AAAAI meeting presents new research findings on treatment for anaphylaxis.
New findings related to the treatment of anaphylaxis were covered at the recent 2004 Annual Meeting of the American Academy of Allergy, Asthma & Immunology (AAAAI) in San Francisco. Anaphylaxis is a severe allergic reaction that causes difficulty in breathing, loss of consciousness, and even death.
The most common substances to trigger this medical emergency are foods, insect stings, and medications. Symptoms typically begin within minutes of exposure, and range from hives, skin redness, vomiting, diarrhea, and feeling of "impending doom" to wheezing, chest pain, low blood pressure, and shock.
Anaphylaxis occurs when the immune system overreacts to an allergen, a normally harmless substance to which the person is allergic. When first exposed to the allergen, the body produces Immunoglobulin E (IgE) antibodies specific to the allergen. The antibodies then attach themselves to mast cells. When the body is exposed to the allergen again, the IgE antibodies can detect it, and they work to destroy it by causing the release of histamine and other chemicals from the mast cell. While these chemicals are necessary for destruction of the allergen, they also cause anaphylaxis if released in large quantities.
According to the protocols developed by the Joint Task Force on Practice Parameters, including the AAAAI; the American College of Allergy, Asthma & Immunology; and the Joint Council of Allergy, Asthma & Immunology, the recommended treatment for anaphylaxis is intramuscular epinephrine, a route preferred to subcutaneous administration because it provides faster onset and higher blood levels. The recommended dose is 0.2 to 0.5 mg in adults and 0.01 mg/kg in children. However, according to results of a survey presented at the AAAAI meeting, pediatricians may not be treating anaphylaxis as effectively as they could. The survey, based on a case of a child presenting with anaphylaxis symptoms, found more than 90% of the pediatricians who responded would administer epinephrine as initial treatment but less than 50% would give it intramuscularly. Only 44% would observe the child in the emergency department for the recommended four hours after treatment.
Researchers at the William Beaumont Army Medical Center, El Paso, Texas, found similar results.
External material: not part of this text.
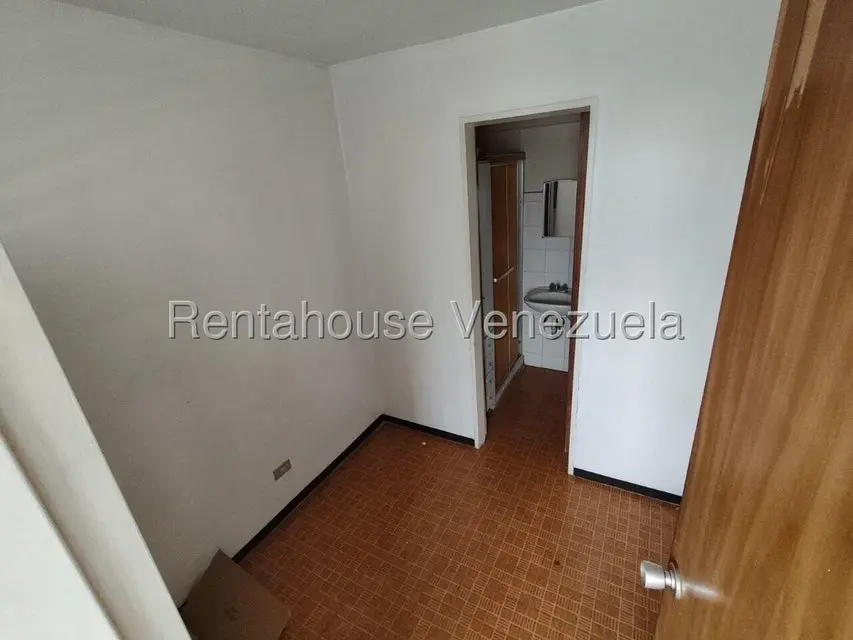Apartamento (1 Nivel) en Alquiler en El Marques, Distrito Metropolitano - 32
A review of records of patients admitted with anaphylaxis found that only 52% of the episodes were treated with epinephrine, none administered intramuscularly. At discharge only 32% of patients received Rxs for epinephrine self-injectors; 16% received documented instructions on its use.
Elisabeth Andrews, R.Ph., a retail pharmacist in New London, Conn., agrees that patients and parents need more education on proper use of epinephrine self-injectors. Parents rarely ask for instruction on operating the injectors even though injection trainers are available at most pharmacies, she said, and parents need to feel so comfortable with the injector that they don't panic during stressful moments when epinephrine is urgently needed.
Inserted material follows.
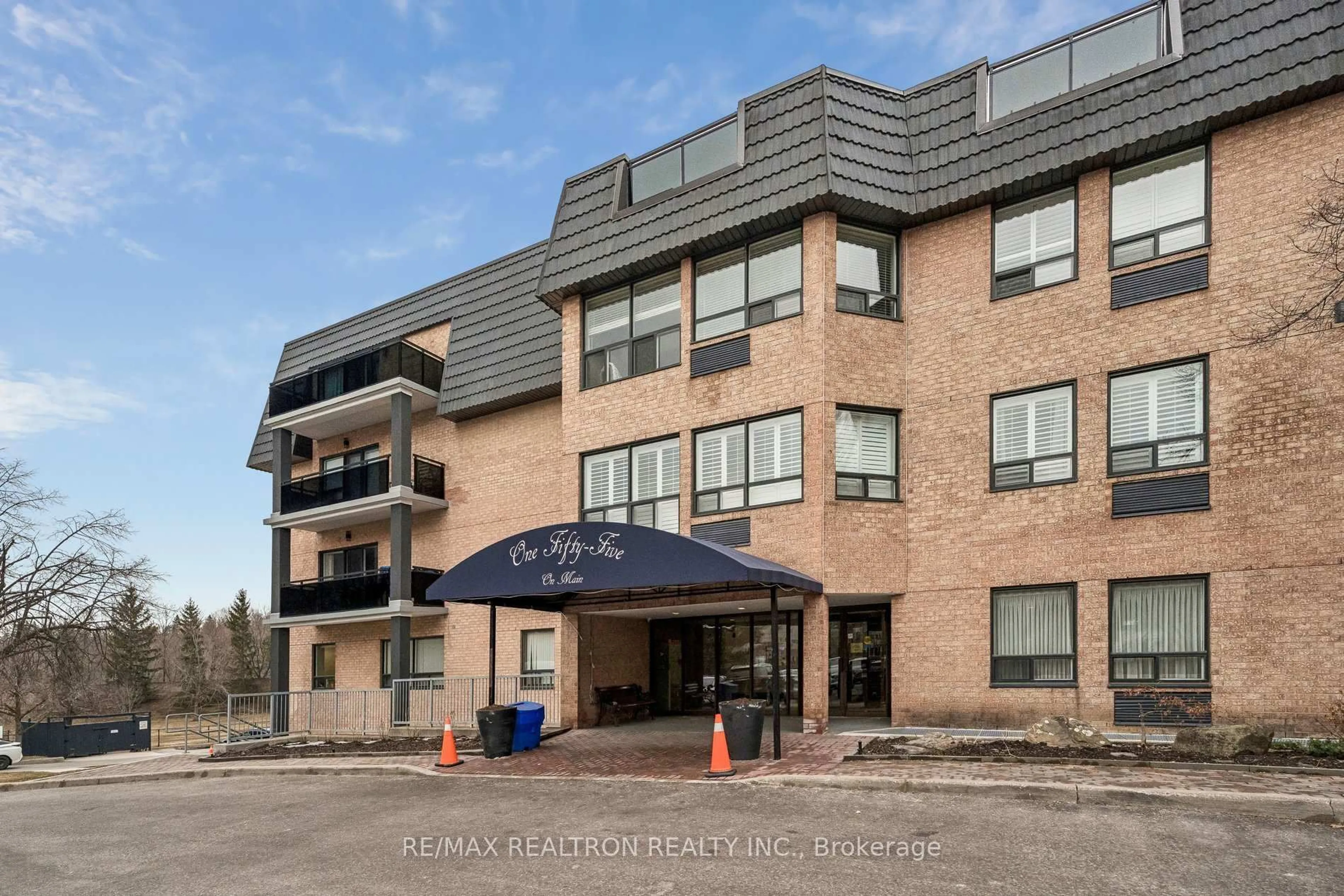 Unknown for 155 Main St #305, Newmarket Ontario L3Y 8C2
At the meeting, Alkermes Inc. presented results from its phase I trials of inhaled epinephrine. The dry powder is administered via an inhaler similar to those used for treating asthma. According to the company, the epinephrine was rapidly absorbed, producing clinically effective blood levels.
Another treatment under investigation is sublingual epinephrine. According to a study presented at the meeting, researchers at the University of Manitoba compared the sublingual and subcutaneous absorption of epinephrine in healthy men. Comparison, based on epinephrine levels, blood pressure, and heart rate, found epinephrine was absorbed sublingually without serious adverse effects.
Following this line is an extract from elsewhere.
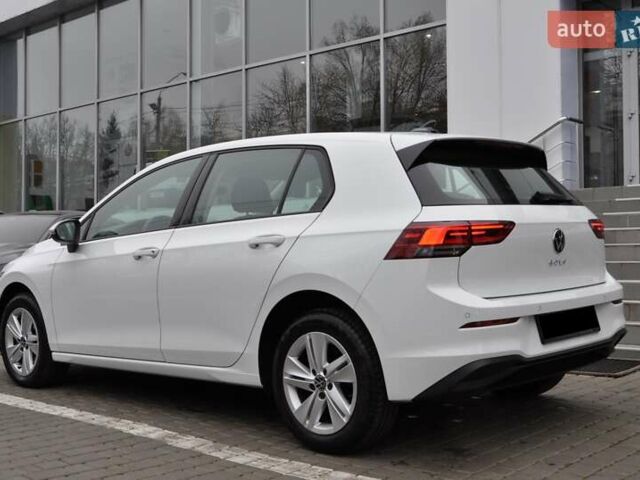 Белый Фольксваген Гольф, объемом двигателя 1.6 л и пробегом 8 тыс. км за 23000 $, фото 2 на Automoto.ua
Patients with allergies to environmental allergens can receive immunotherapy, consisting of solutions containing natural substances to which the patient is allergic, to desensitize them. Unfortunately, this type of desensitization is usually not possible for food allergies. A recent study, "Effect of Anti-IgE Therapy in Patients with Peanut Allergy" (NEJM 2003; 348:986-993), examined the effectiveness of monoclonal antibody against IgE in preventing peanut-induced anaphylaxis. Patients with known hypersensitivity to peanuts were given varied doses of the monoclonal antibody, then orally challenged with increasing quantities of peanut flour. The patients receiving the highest dose of antibody exhibited an increased threshold of sensitivity to peanuts from a level equivalent to one-half peanut to almost nine peanuts. While these patients were not desensitized to peanuts, the increased threshold would translate into protection from accidental ingestion.
While research continues on these improved treatment options, experts say healthcare providers must ensure the health of patients prone to anaphylaxis. They should strive to provide optimal treatment and to educate patients on symptoms of anaphylaxis and the use of self-injectors.